Being selected as a Summer of Code student

by Ploum on 2012-04-19

For several years now, I’ve been a Summer of Code mentor for Getting Things Gnome, under the GNOME umbrella.

This year again we received plenty of student proposals. GTG being a very small part of the GNOME project and having only few mentors available, we had to choose. That choice was sometimes really hard and it’s a pity to see some students not being selected.

In order to help them for next year, I would like to point what we, potential mentors, expect from the students.

Swing in the night
Swing in the night

Programming knowledge

Summer of Code’s primary purpose is programming. We expect candidates to have a somewhat good knowledge of the programming language used in our project. We have seen very bright students with very interesting ideas. But it quickly appeared that they were not comfortable enough with Python.

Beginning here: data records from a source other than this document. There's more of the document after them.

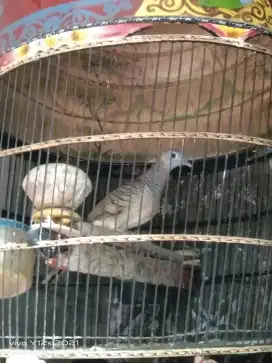 harap di baca perkutut lokal alam manggung ngunci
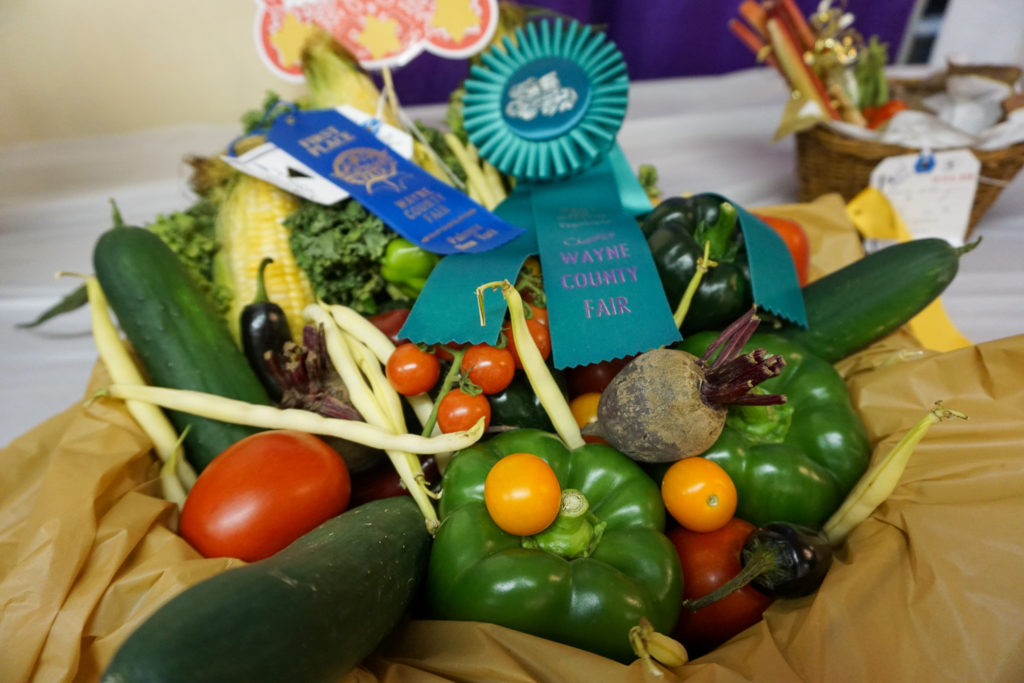 First Place Vegetable Display at the Wayne County Fair in Palmyra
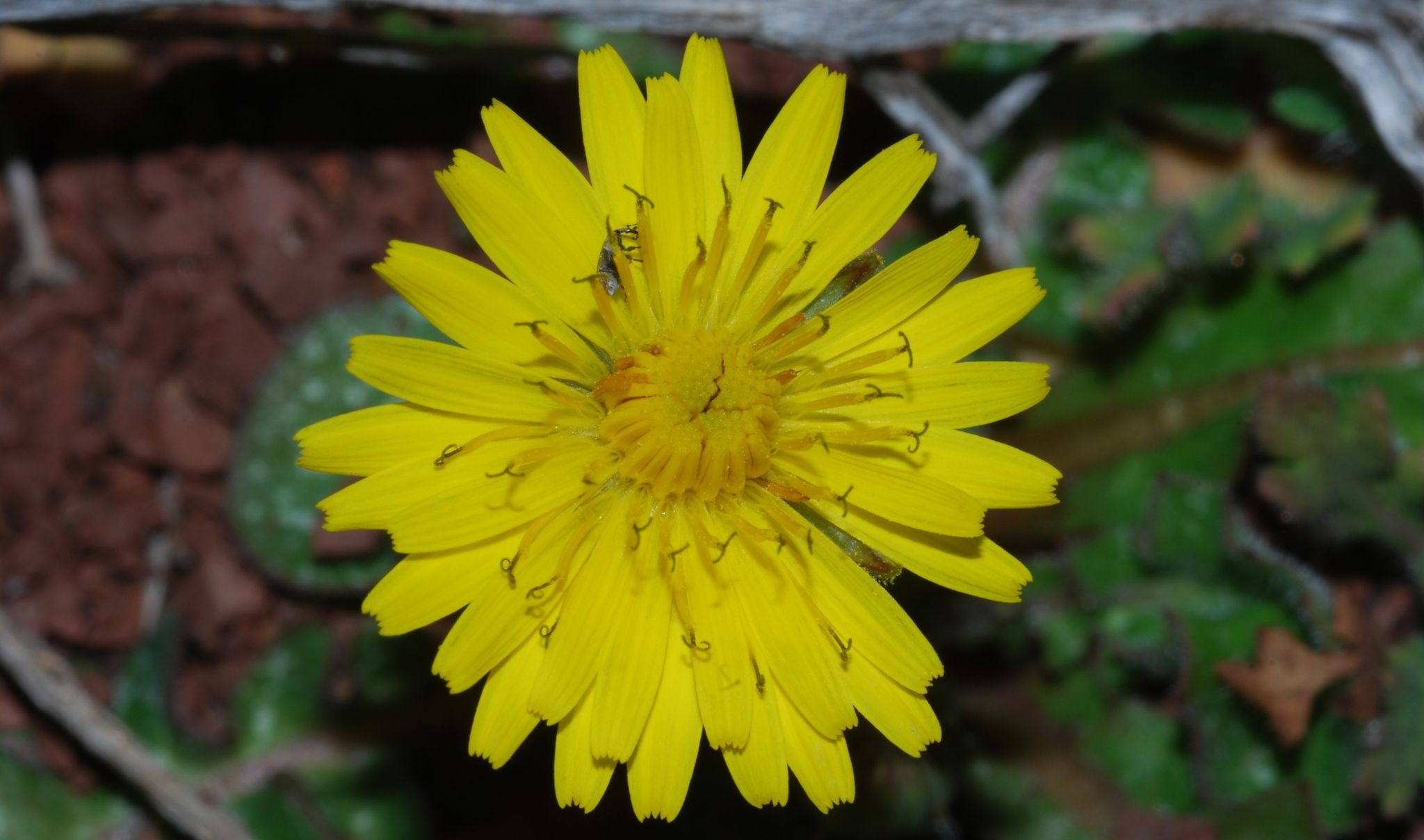 Crepis sancta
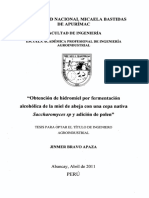 Obtención de Hidromiel (PERU) PDF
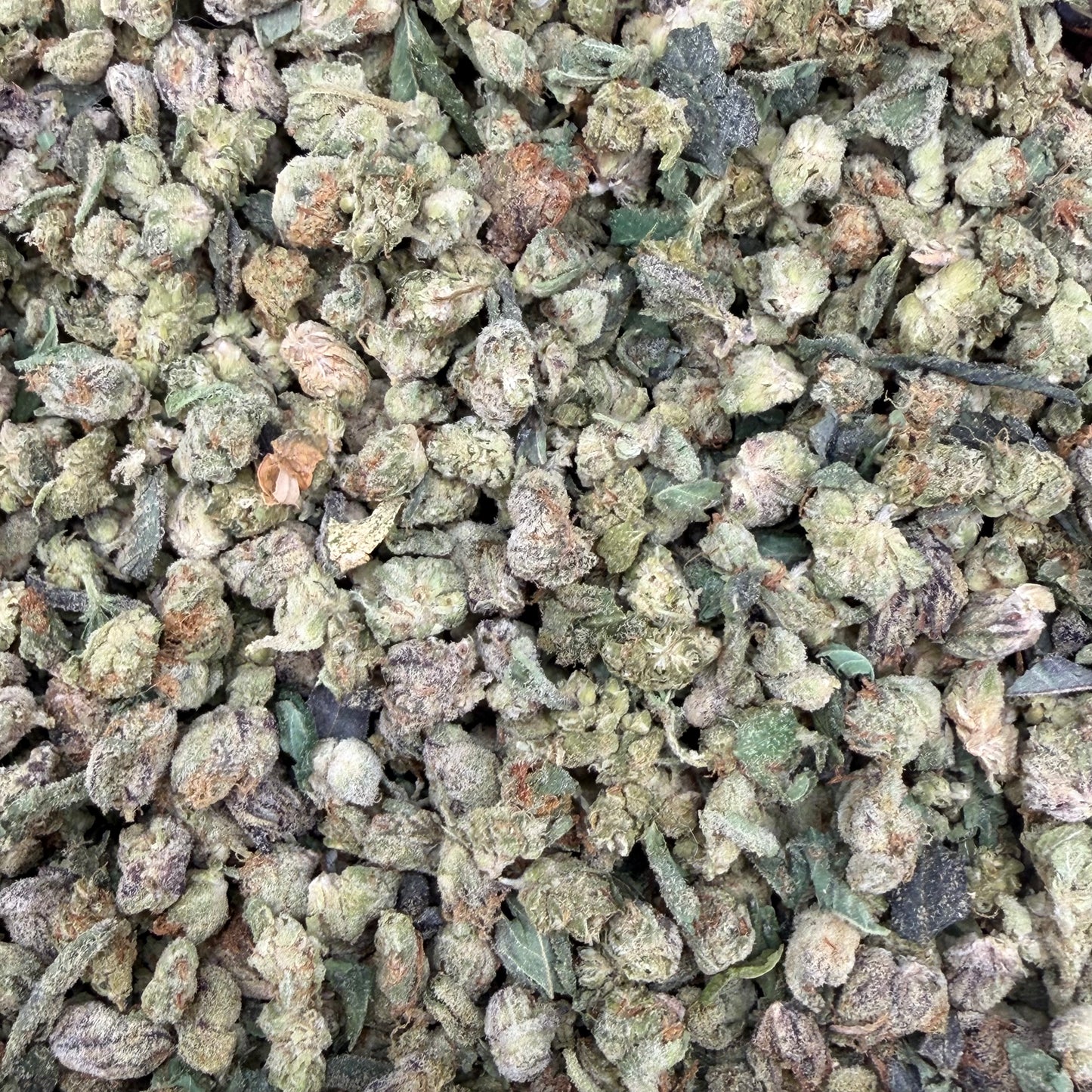 Bulk THCA Micros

Accepting such a student could only lead to a failure. Every little problem which is trivial to an experienced programmer might become a blocker. More importantly: we are not programming mentors. Programming is obvious to us and is a pre-requisite.

Project ownership

Swing for baby
Swing for baby

Each year, GTG developers put some SoC ideas on the GNOME wiki. Retrospectively, I think it’s a bad thing. Indeed, we receive plenty of proposals from students who simply copy/paste our ideas. Sometimes, they don’t even understand it and have no clue of what GTG is.

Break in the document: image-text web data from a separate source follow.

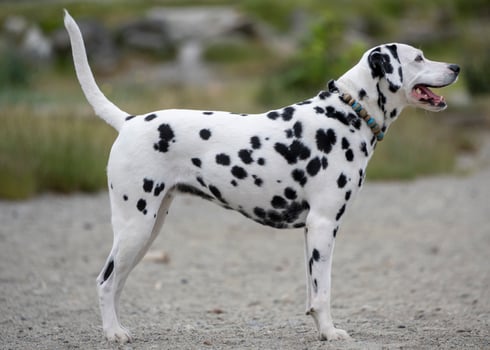 Dalmatian dog stands proudly at a park during a sunny afternoon, showcasing its distinctive spotted coat and playful demeanor photo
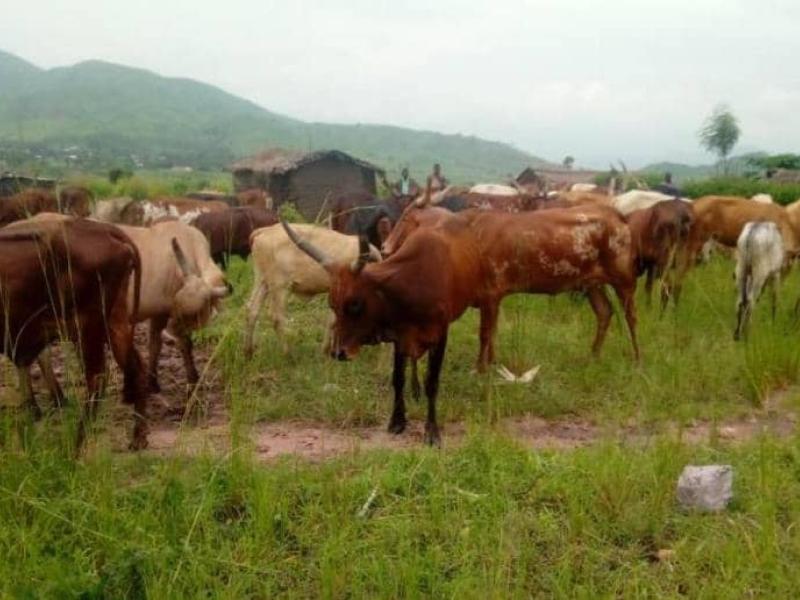 Nyiragongo : une personne gravement blessée et 15 vaches coupées par machette à Kanyangoma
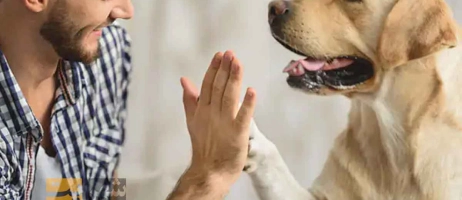 آیا نگهداری از حیوان خانگی خوب است؟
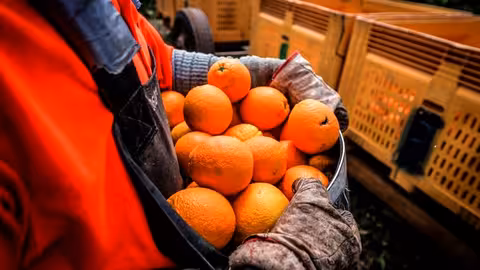 Naranjas recolectadas (Foto La Uni&oacute;)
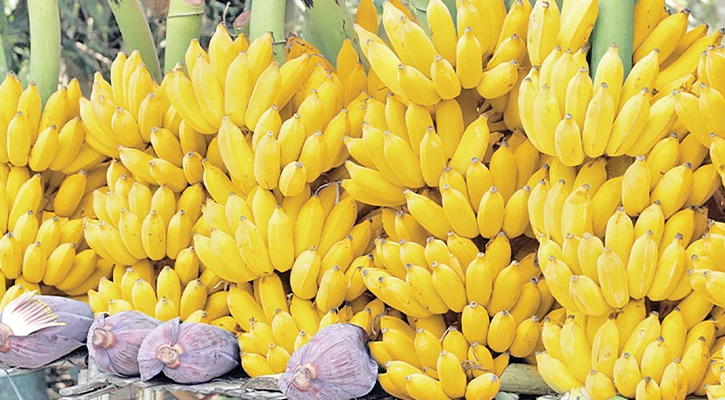 নরসিংদীর হারানো ঐশ্বর্যের গল্প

We expect students to become owners of their project. The best way to achieve that is to have the student come with his own idea, to scratch his own itch. Of course, this could be discussed with the team and potential mentors but the initiative itself should come from the student.

Originality

Another reason why taking a SoC idea from the wiki is bad is because we end with ten identical proposals. We then try to find the most skilled student but we usually found that the best students came with their own, original project.

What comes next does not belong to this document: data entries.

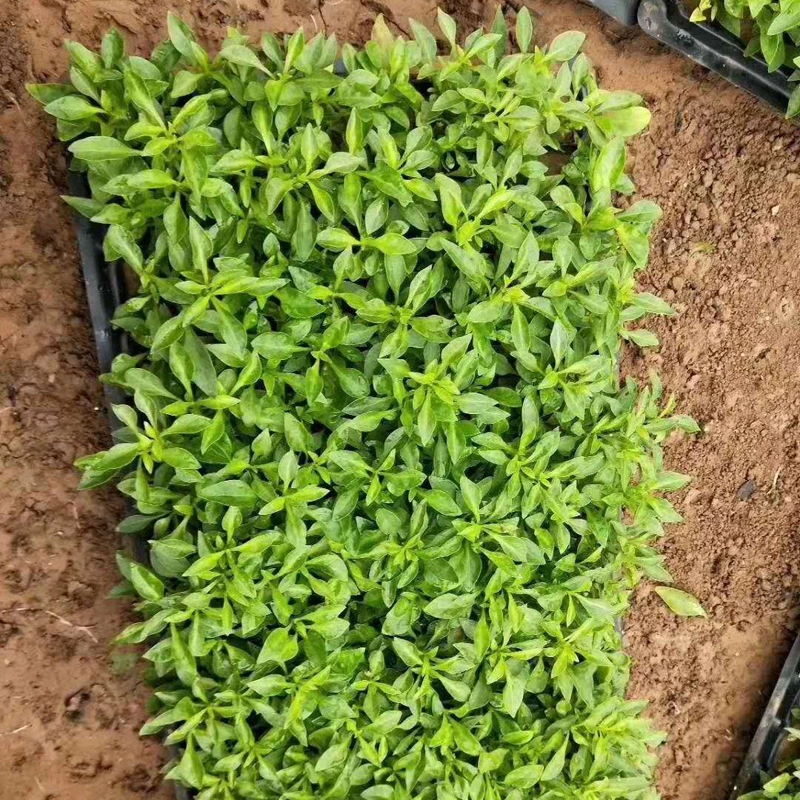 Заводская поставка пятицветных саженцев травы пятицветная трава красная трава зеленая трава пятицветная трава долгосрочная поддержка поставок смешанных партий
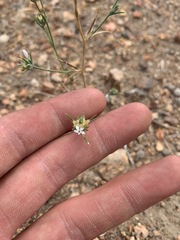 Eriastrum sparsiflorum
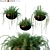 Versatile Plant Set for Interior and Exterior Design 3D model small image 1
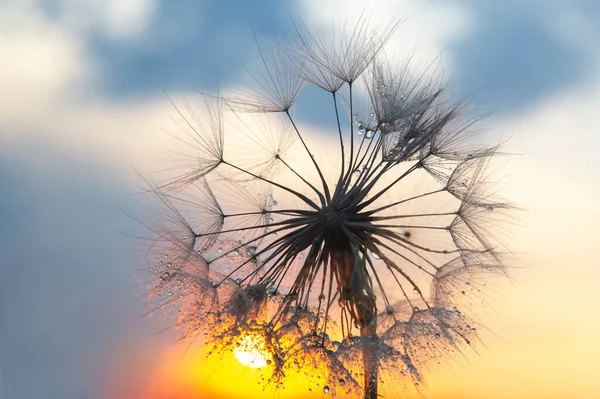 Löwenzahn Vor Dem Abendhimmel Natur Und Botanik Der Blumen — Stockfoto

If you want to succeed as a student, be original and show that you understand what you want to achieve. Ask you the question: « Why was it not done before me and why can I succeed where nobody has been before? ».

Early start

Next year, during the student proposal period, I plan to not answer emails from students with whom I had no prior contacts. As I’m listed as a possible mentor, each year I see my inbox filled with requests from students that particular week. All those mails are kind, polite but are basically asking « please tell me what to write on my proposal and support my candidacy ».

Sorry but that week is not a good time to approach a mentor. A mentor is busy, have a work, a family and cannot handle twenty students requests in a few days. Remember that a mentor is not paid and that writing the proposal is your job.

But the secret here is very simple: start early. Be involved very early in the project you target. Get in touch with the team. Fix some easy bugs. Learn the project.

If you don’t have the time or the motivation to do that in the months prior to the Summer of Code, there are chances you will not be a good student anyway.

But if you are known to the team, if we have seen you at work, we will probably want you as our student.

Jump from a swing
Jump from a swing

Initiative

Never send an email to a possible mentor vaguely asking what to do. We want to see initiatives. Try to find a mentor several weeks before the proposal period. Come with a well structured idea and ask for a critical review of your project. Seek critics, not advices.

When the submitting time start, immediately post your proposal. Don’t wait. You will always be able to correct or edit your proposal. You will immediately get feedback from mentors so don’t waste time trying to get private feedback before posting.

Also, in the first days, there’s usually few proposals posted. Mentors take time to review them and post comments. After one week, there could be tenth of proposals and nobody review them all anymore.

Multiply your chances

You can post multiple proposals in different organisations, you have nothing to lose doing so. It’s specially interesting if your project could be under different umbrellas. For example, a proposal about a video chat client could be adapted for GNOME, Gstreamer or even XMPP.

Conclusion

Being accepted as a GSoC student doesn’t require you to be good enough. You need to convince us that you are the best.

Doing so is never, never, never done by writing an impressive list of skills or telling us that you were the leader of your football team. All we need to see is your code, your idea and your planning skills.

If you were not accepted this year and plan to try again next year, start to code now. Start to learn, start to contribute.

And don’t send me an email asking me what to do. My answer is already written hereabove.